**** Exercise materials ****

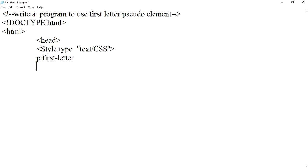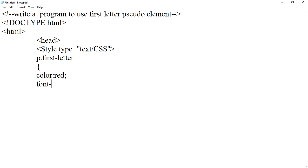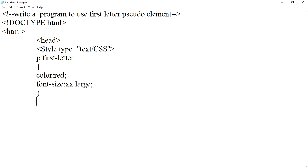P first-letter, color red and font size double X large. Now we'll end the style tag.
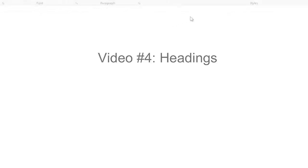Hello and welcome back. In this video, we're going to talk about heading tags.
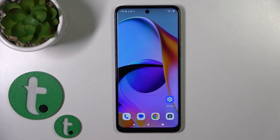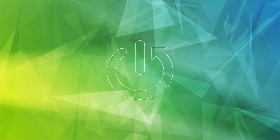Hi, this is the Motorola G14 and I'll show you how to switch on and switch off screen touches and screen recording on this device.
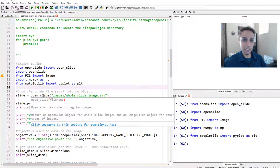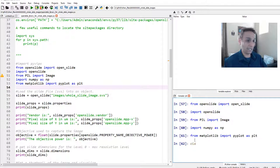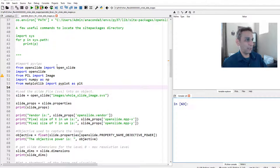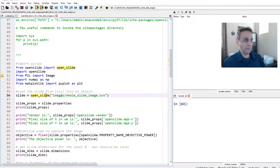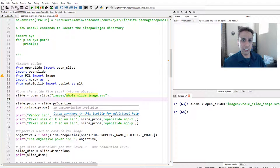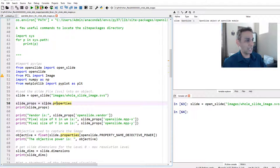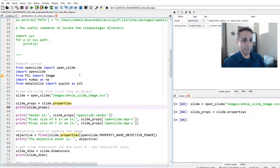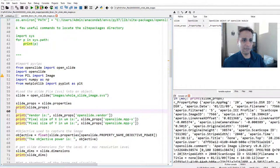Now let's open a slide — not an image, but a slide. I downloaded an SVS file (about 643 MB) by searching for sample SVS files online. In reality these can be tens of gigabytes. To open it, use open_slide() and provide the path to your file. The result is not a NumPy array — it's an OpenSlide object containing many things. We can start by extracting its properties with slide.properties to see what's stored.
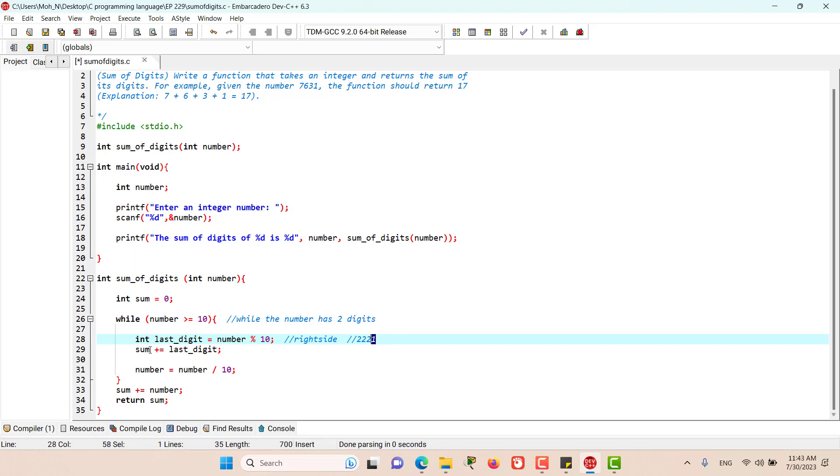And now that we have got this last digit, we are going to add this last digit to the variable sum and we are going to make this number shorter by dividing it by 10.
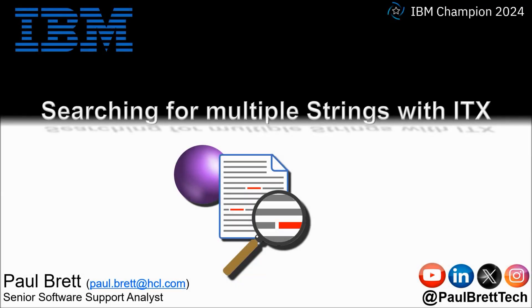Hello and welcome to this video presentation. My name is Paul Brett. I'm a senior software support analyst supporting the Transformation Extender product from IBM.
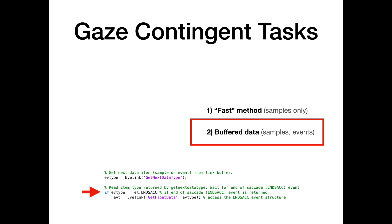We check if EVType contains the item we are looking for. In this example, we're waiting for the end of a saccade, so we're going to check if EVType is the end of a saccade event. If so, we access EVT, which is a MATLAB structure returned by EyeLink_GetFloatData, and which contains information about the end of the saccade. We can then use this information for our gaze contingent task. For instance, we could present a target at the location of the end of the saccade, as we'll see in the next demo.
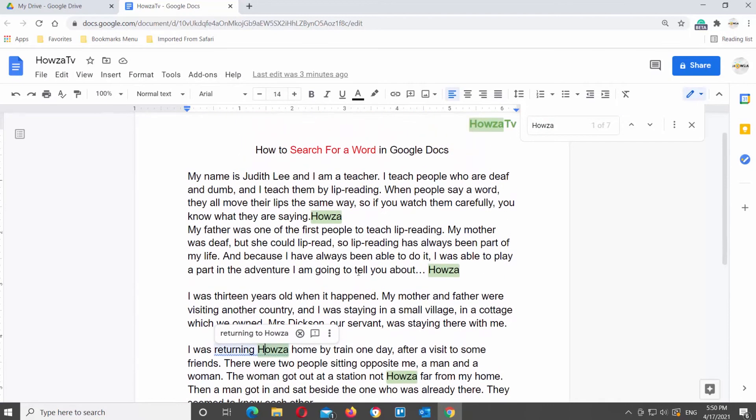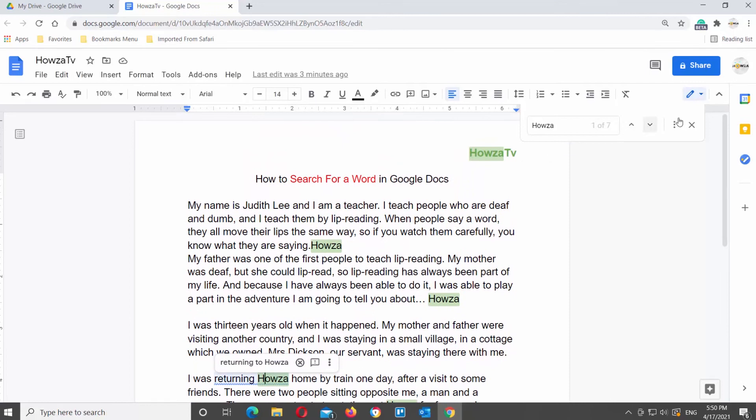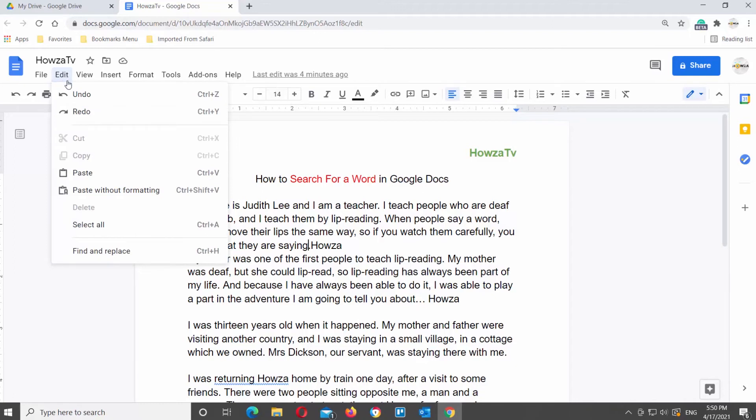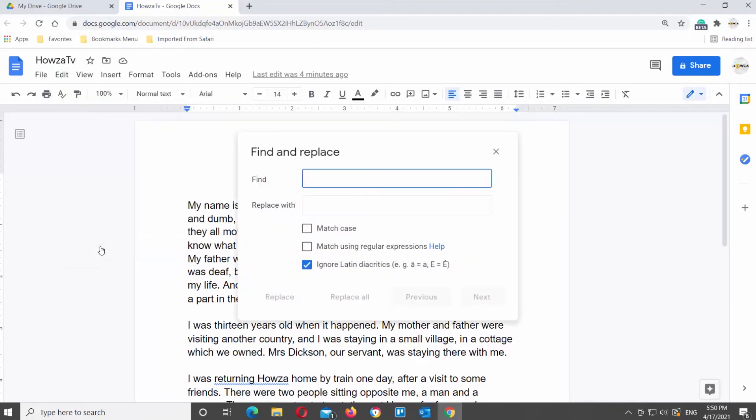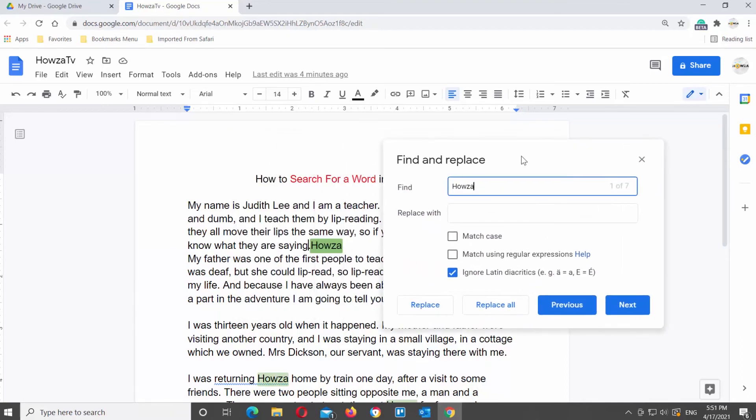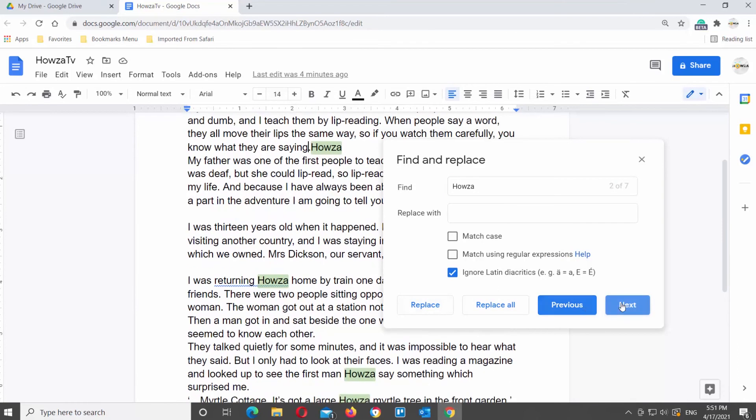You can also look for the words through Edit tool. Click on Edit at the top tool's bar. Choose Find and Replace from the list. Type the word that you need in the Find field. You will see the search matches will be highlighted in the document. Click on Next or Previous to switch between search results.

****

* Exercise directions *
Look above for the line with "Hi, this is" and the line with "Hello and welcome to", then restate exactly those two lines and all lines between them, with no pictures.

* Response below *
Hi, this is the Motorola G14 and I'll show you how to switch on and switch off screen touches and screen recording on this device.
Now let's open a slide — not an image, but a slide. I downloaded an SVS file (about 643 MB) by searching for sample SVS files online. In reality these can be tens of gigabytes. To open it, use open_slide() and provide the path to your file. The result is not a NumPy array — it's an OpenSlide object containing many things. We can start by extracting its properties with slide.properties to see what's stored.
And now that we have got this last digit, we are going to add this last digit to the variable sum and we are going to make this number shorter by dividing it by 10.
Hello and welcome to this video presentation. My name is Paul Brett. I'm a senior software support analyst supporting the Transformation Extender product from IBM.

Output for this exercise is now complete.